First let me reintroduce myself. I'm one of the grade 10's. An aggressive 10 at that so I have to be on top of things - the alternatives aren't attractive. I've had Proton Beam Therapy with Lupron. Lupron prior to Proton Beam to lower tumor activity and continuing post to prevent reoccurance - just in case.

Now then - I've seen a lot of queries regarding PSA values after treatments, whatever the treatment is. The questions have been - what's a good value, or what's a bad value, or what do any changes mean?

Here's the bottom line. No two of us are alike. Thank God for that!! So no two tumors are alike either. This whole cancer treatment protocol is pretty much individual with some common threads. So the answer to PSA values as I understand the big picture is not one of specific values. Your PSA of 0.9 may be of some value to you but meaningless to me. What IS of value is a trend line. Spot numbers are of little to no value. What your physician is looking for is a trend line. PSA values over time are the numbers of consideration. Bye and large this is a slow growing tumor - which is why I'm still here and able to report in every now and then. Again, the answer is a TREND LINE. You will be alarmed when your PSA's are continuously rising. Else enjoy a scotch with me. Happy day.

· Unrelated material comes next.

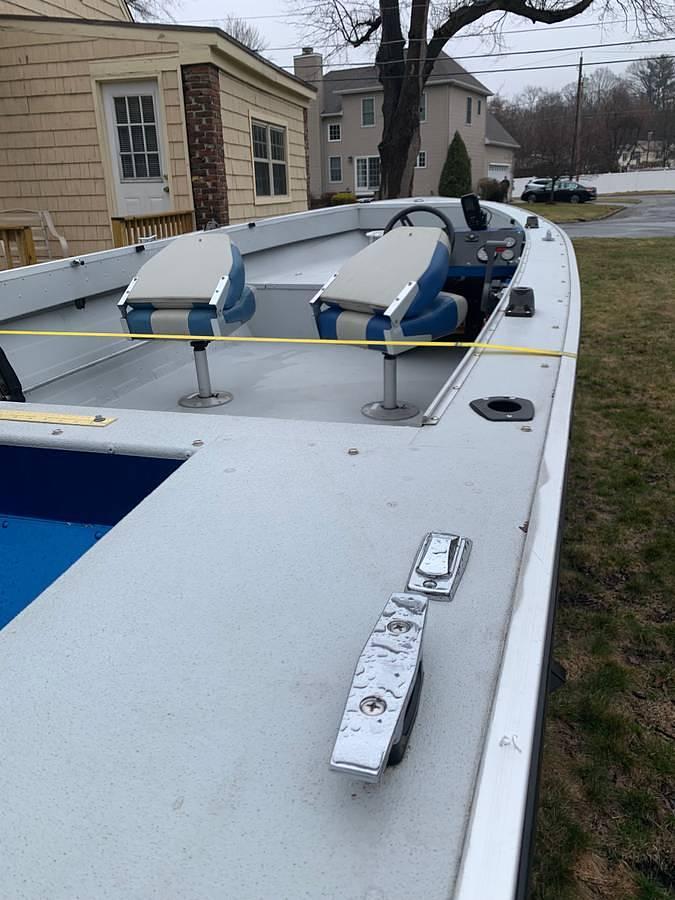 Used 1989 Grumman Fishing Boat With Trailer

Interested in more discussions like this? Go to the Prostate Cancer Support Group.

@consultant

That pretty much sums up the point I was making but I was referring to treatment strategies at much earlier stages. So the paper essentially contradicts what I'm advocating but I still question how solid the data is given very few patients probably did triplet when they were pre-(clinical) metastatic. Regarding certain cohorts of mHSPC patients it states:

"While early, aggressive treatment intensification with triplet regimens, with or without primary radiotherapy, may seem attractive in this cohort of patients to maximize survival outcomes, the reality is that such “maximal” treatment intensification is unnecessary in the majority of these patients."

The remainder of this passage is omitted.